Healthcare, he believes, demands the same philosophy.
“The pharmacist is irreplaceable,” Adly says. “At the end of the process, there’s always a pharmacist checking, double checking, and verifying everything.”
For TJM Labs, AI exists to remove repetitive administrative work while preserving human oversight where clinical judgment matters most. That human-in-the-loop approach has become a defining principle of the company’s products.
Economics Are Driving Innovation
While artificial intelligence often dominates headlines, Adly believes the real force accelerating adoption is simple economics.
Independent pharmacies frequently operate on razor-thin margins, often between two and four percent. At the same time, reimbursement rates remain largely outside their control, while staffing shortages continue to worsen.
“It’s a very difficult business,” he says.
Rather than viewing automation as a luxury, Adly sees it as essential infrastructure.
He estimates that deploying a single TJM Labs AI agent can dramatically improve operating margins by reducing labor-intensive administrative work, allowing pharmacy owners to invest more resources into patient care and business growth.
For many customers, the question is no longer whether to automate, but how quickly they can.
Creating a New Category
While AI is reshaping nearly every industry, Adly believes pharmacy presents one of the clearest opportunities to demonstrate its value. Rather than expanding into dozens of verticals, TJM Labs is focused on becoming the category leader in pharmacy by combining deep domain expertise with AI built specifically for pharmacists, technicians, and pharmacy operators. The company’s strategy is simple: own one industry exceptionally well before anyone else does.

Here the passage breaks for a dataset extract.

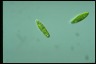 Euglena gracilis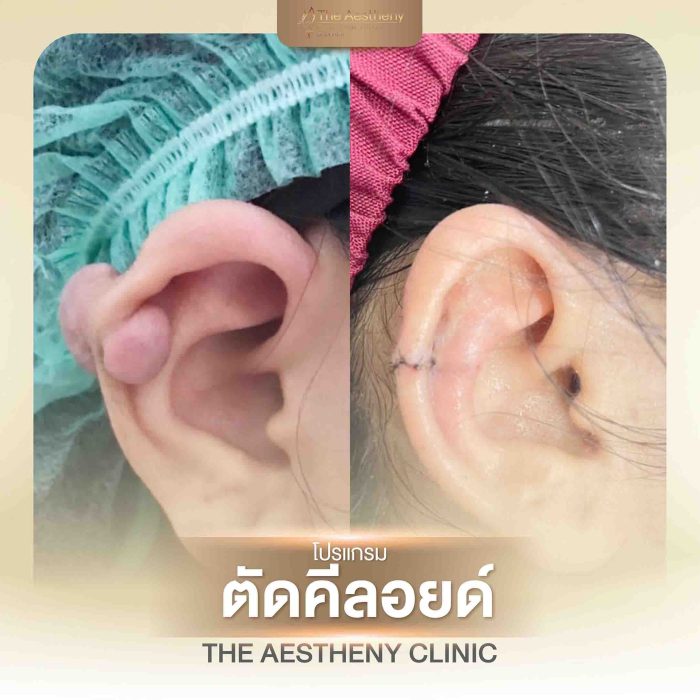 32-The Aestheny-M1-01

“We created the category,” he says. “AI agents for pharmacy didn’t exist before.”
That category-first mindset has shaped TJM Labs’ rapid growth. Following more than $100 million in funding raised over the past six months, the company is investing aggressively in product development, partnerships, and expanding its leadership position as the pioneer of AI Agents for Pharmacy.
As artificial intelligence continues to evolve, Adly believes pharmacy remains at the beginning of a fundamental transformation. “What we’re doing today is the floor,” he says. “There’s a much higher ceiling as AI continues to advance.” For TJM Labs, that future isn’t about becoming another general AI company. It’s about continuing to define what AI-native pharmacy operations look like and ensuring that when the industry thinks about AI agents for pharmacy, it thinks of TJM Labs first.